I hate to dissapoint my faithfull readers. If you have any suggestions I would love to here them. Last month my friend Lacey arraged a shopping spree at Dress Barn for Tri-ess. I wish I could have gone. I even thought about some excuses I could give my wife. But I chickened out as usual.
Today my wife is gone so I can spend the day as stacey. I have a nice outfit on and I'm wearing a new bra my wife just bought. I really like it. Of course everything it lifts up is fake but I can always dream. :)
I've been amazed by how many people there are out there that are just like me. same feelings and having the same fears. I guess I'm lucky to live in an age where we can get together online and learn we are not alone.
Stacey
To Be or Not To Be
Last week I saw myself as Stacey for the first time. It was so wonderful. I felt so comfortable and I didn't feel self-councious at all. Only three people saw me but I wasn't afraid. This was me.

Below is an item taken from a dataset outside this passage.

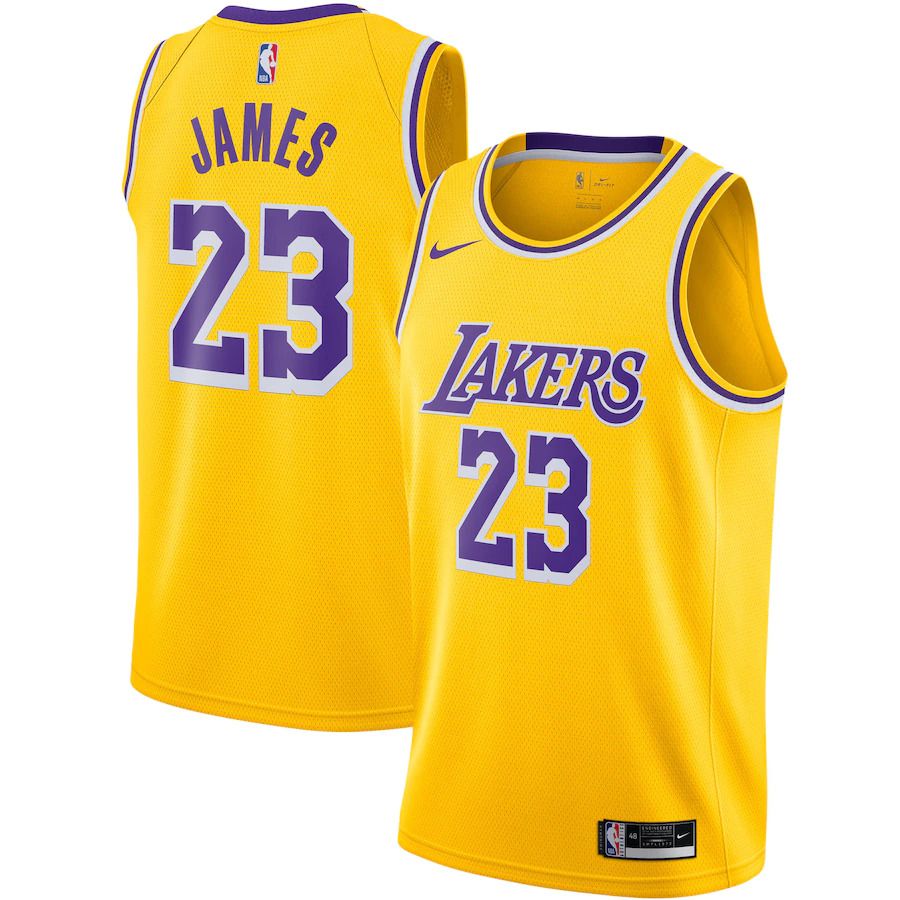 Men Los Angeles Lakers 23 LeBron James Nike Gold Swingman NBA Jersey
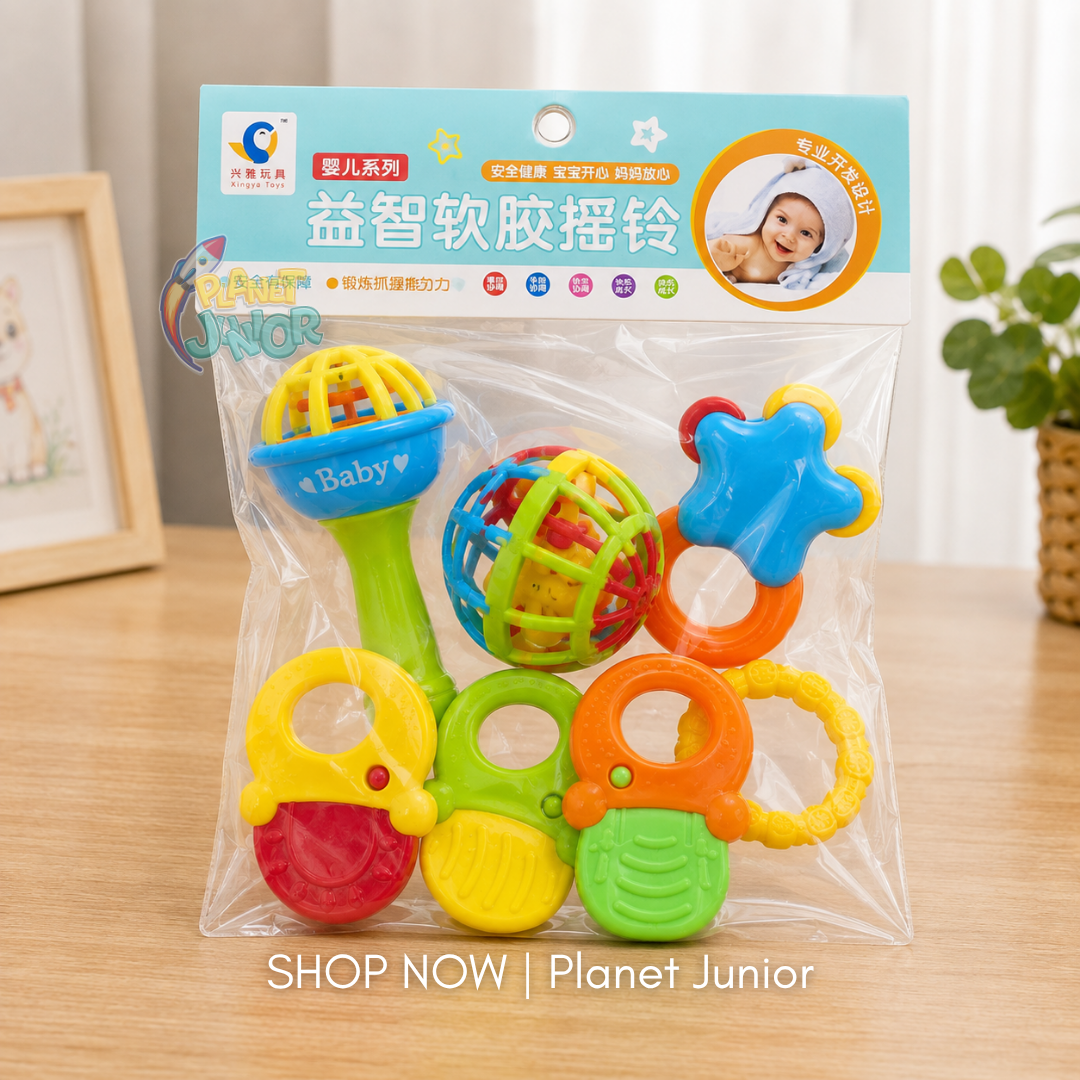 7-Piece Baby Rattle & Teether Set with Soft Textured Designs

I've been thinking about the barriers I've put in my life. I love my wife so much and she really loves me. I can't imagine hurting her or leaving her. I also have a really good job I don't want to lose.
But
I know that if my family and my job were to suddenly go away I would imeadiatly start buying female clothes. I would also find a transgender friendly doctor and begin hormore treatment. I would work to get myself to pass as a woman as soon as possible and start living fulltime as a woman. Finally I would start planning to have SRS.
This is what I think about so often. I want to put being a male behind and start being a woman. It's what I've always wanted.
I really think that one day I will be on my death bed thinking "I should have done it".
I'm so scared, I don't know what to do. I guess I'll just carry on as before.